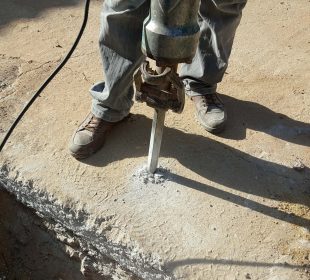 Workers use Concrete Breaker Electric
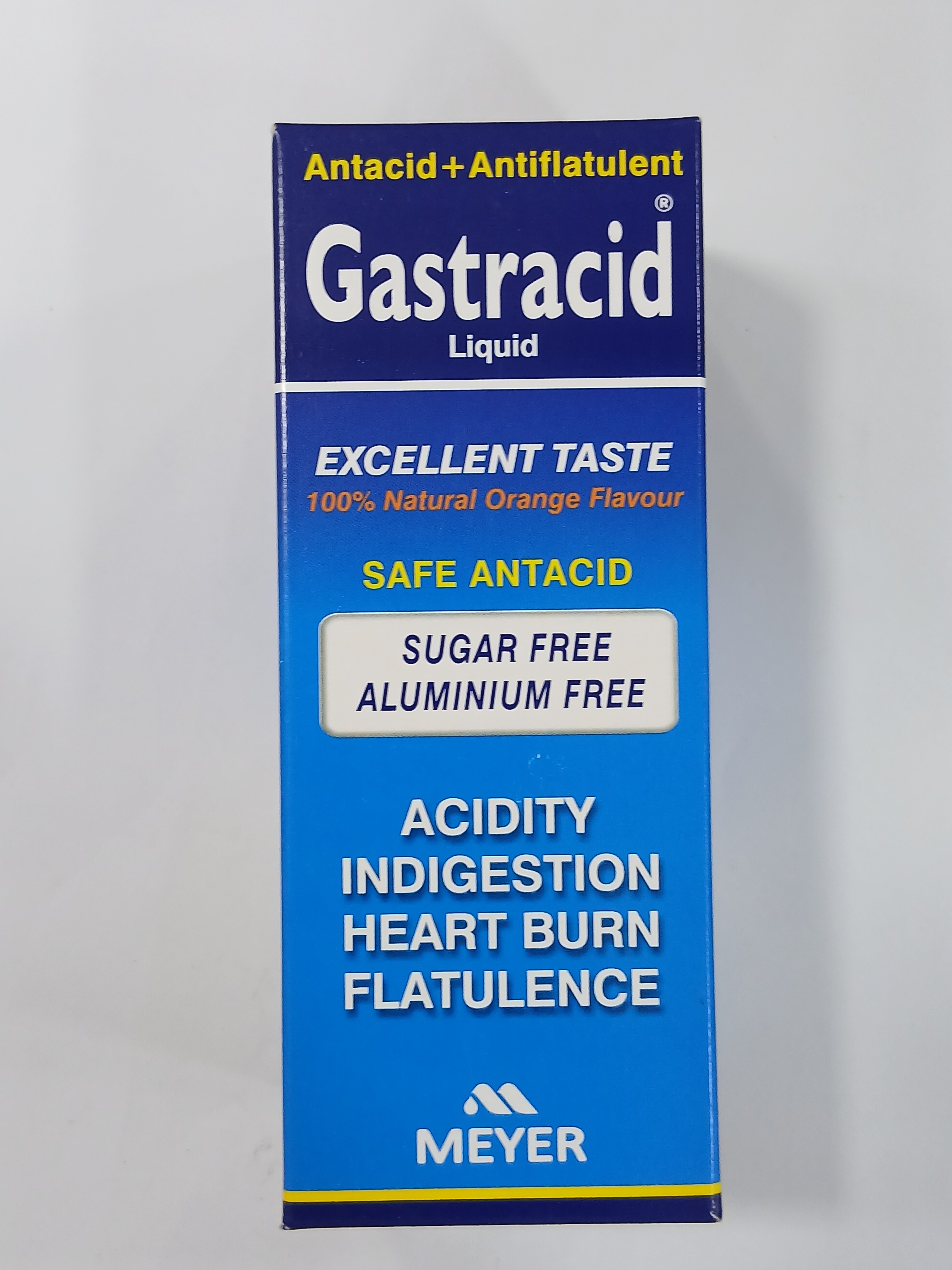 A vertical blue and white cardboard box packaging displays text promoting an antacid and antiflatulent liquid with claims of excellent taste, sugar-free and aluminum-free features, and mentions of uses for acidity, indigestion, heartburn, and flatulence.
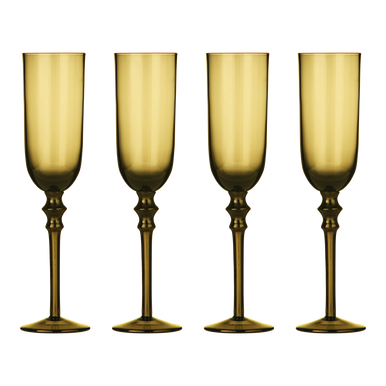 Four amber-colored champagne flutes with decorative stems on a white background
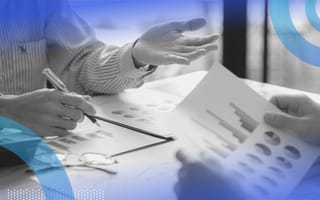 People looking at financial documents. Startups should consider hiring a CFO in the growth stage.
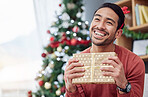 Christmas, surprise and asian man with gift in his home happy, excited and having fun celebrating holiday. Hand holding, box and Japanese male with present in a living room at December party or event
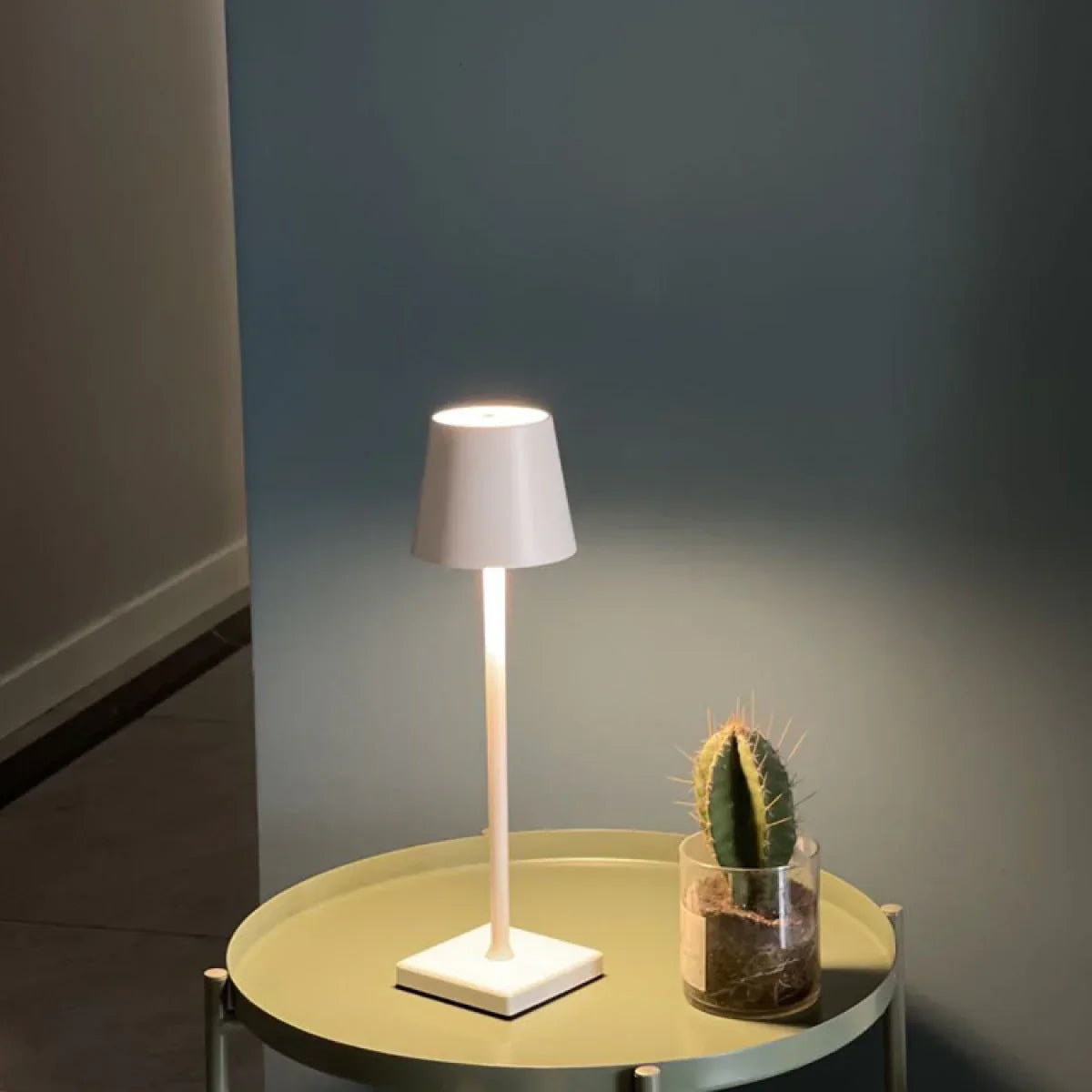 Weiße Tischlampe auf rundem Tisch neben kleinem Kaktus, modernes Design, Innenbeleuchtung.
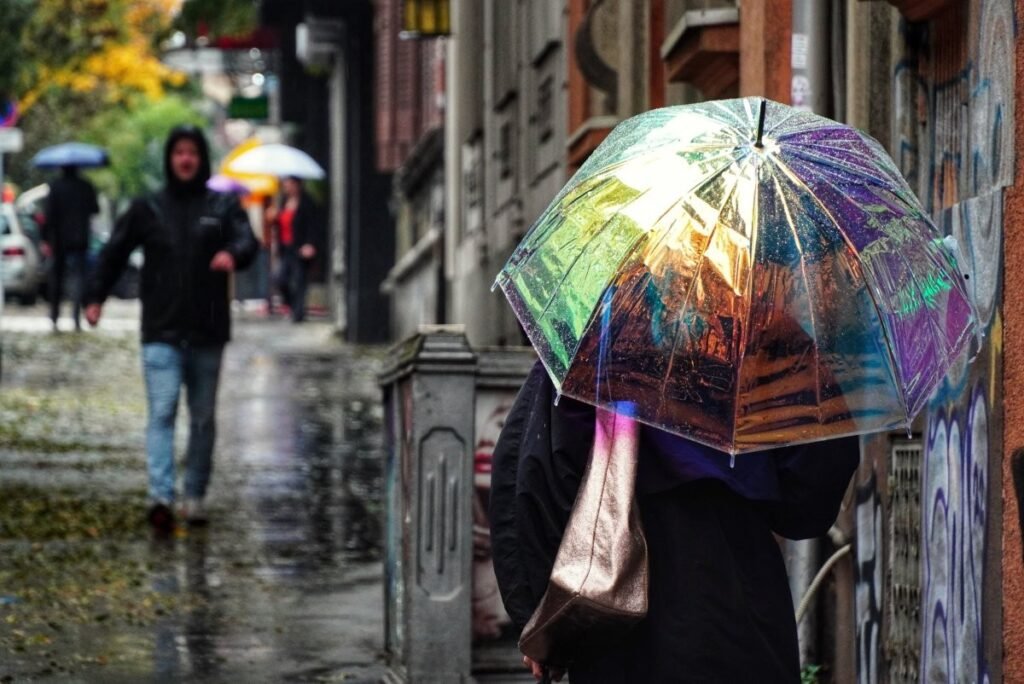 Ливни, снег и гололёд: Сербия готовится к трёхдневной непогоде Прохожие с зонтами идут по мокрой улице во время ливня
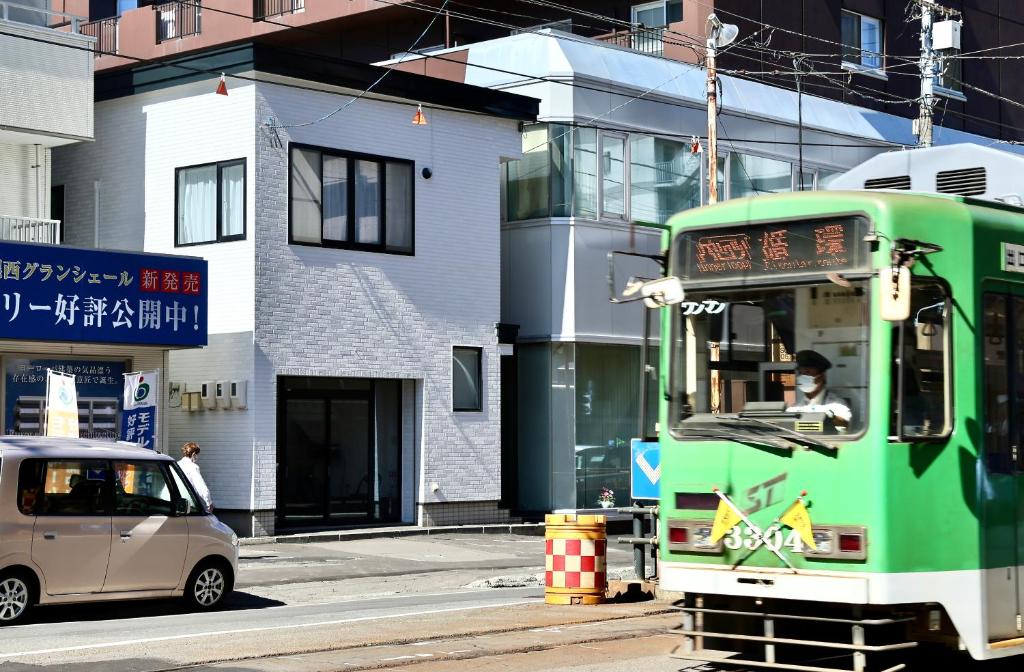 札幌Dream Tree 札幌市电步行0分钟 超市步行1分钟的一辆绿色的巴士沿着大楼旁边的街道行驶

Brief:
The required output is the line containing "Ливни, снег и" plus every line after it to the end of the data, copied exactly and with no pictures.

Answer for the task:
 Ливни, снег и гололёд: Сербия готовится к трёхдневной непогоде Прохожие с зонтами идут по мокрой улице во время ливня
 札幌Dream Tree 札幌市电步行0分钟 超市步行1分钟的一辆绿色的巴士沿着大楼旁边的街道行驶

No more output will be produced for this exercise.